[Start of section]

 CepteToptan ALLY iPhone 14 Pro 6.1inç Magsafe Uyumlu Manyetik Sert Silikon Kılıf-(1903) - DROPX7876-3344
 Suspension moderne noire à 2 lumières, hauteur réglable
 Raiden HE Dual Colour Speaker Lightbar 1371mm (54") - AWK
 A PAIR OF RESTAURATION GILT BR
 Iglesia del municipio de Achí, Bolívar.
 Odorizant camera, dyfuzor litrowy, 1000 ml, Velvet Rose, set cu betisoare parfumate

[End of section]
[Start of section]

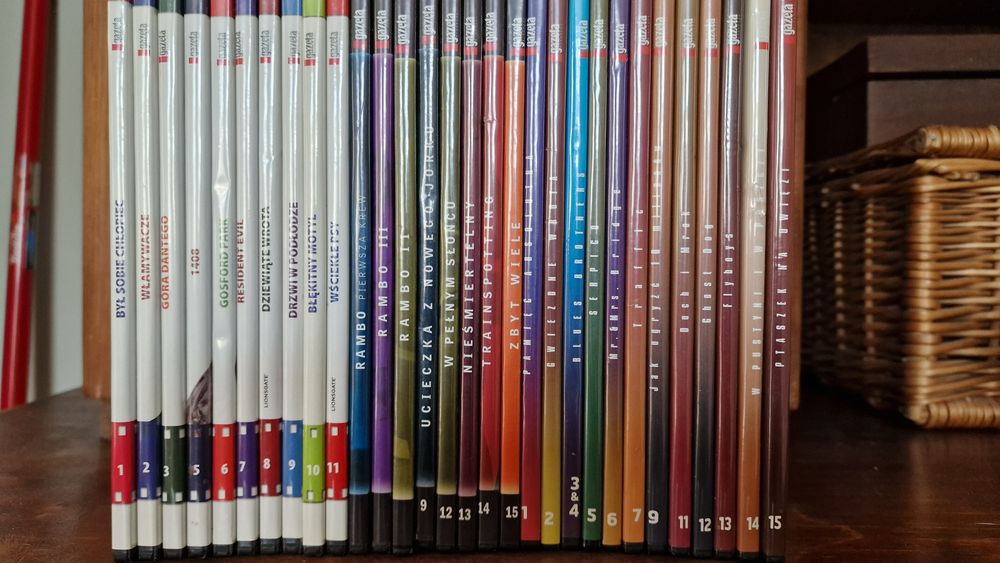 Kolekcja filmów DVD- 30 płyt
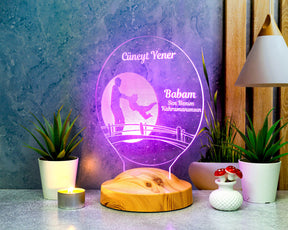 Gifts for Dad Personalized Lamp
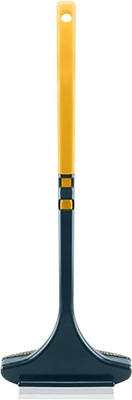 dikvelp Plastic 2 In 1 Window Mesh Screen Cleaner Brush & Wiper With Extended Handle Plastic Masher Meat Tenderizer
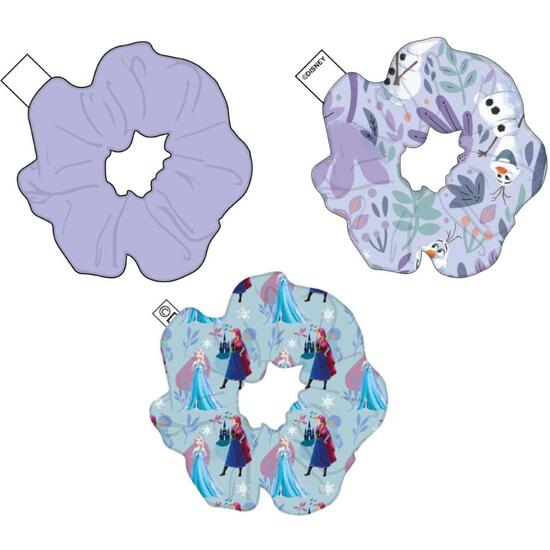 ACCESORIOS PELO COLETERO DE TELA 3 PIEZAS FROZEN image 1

[End of section]

» Task:
Beginning at the line above that contains "CepteToptan ALLY iPhone", return each line exactly through the line that contains "Odorizant camera, dyfuzor", and no others.

» Response below:
 CepteToptan ALLY iPhone 14 Pro 6.1inç Magsafe Uyumlu Manyetik Sert Silikon Kılıf-(1903) - DROPX7876-3344
 Suspension moderne noire à 2 lumières, hauteur réglable
 Raiden HE Dual Colour Speaker Lightbar 1371mm (54") - AWK
 A PAIR OF RESTAURATION GILT BR
 Iglesia del municipio de Achí, Bolívar.
 Odorizant camera, dyfuzor litrowy, 1000 ml, Velvet Rose, set cu betisoare parfumate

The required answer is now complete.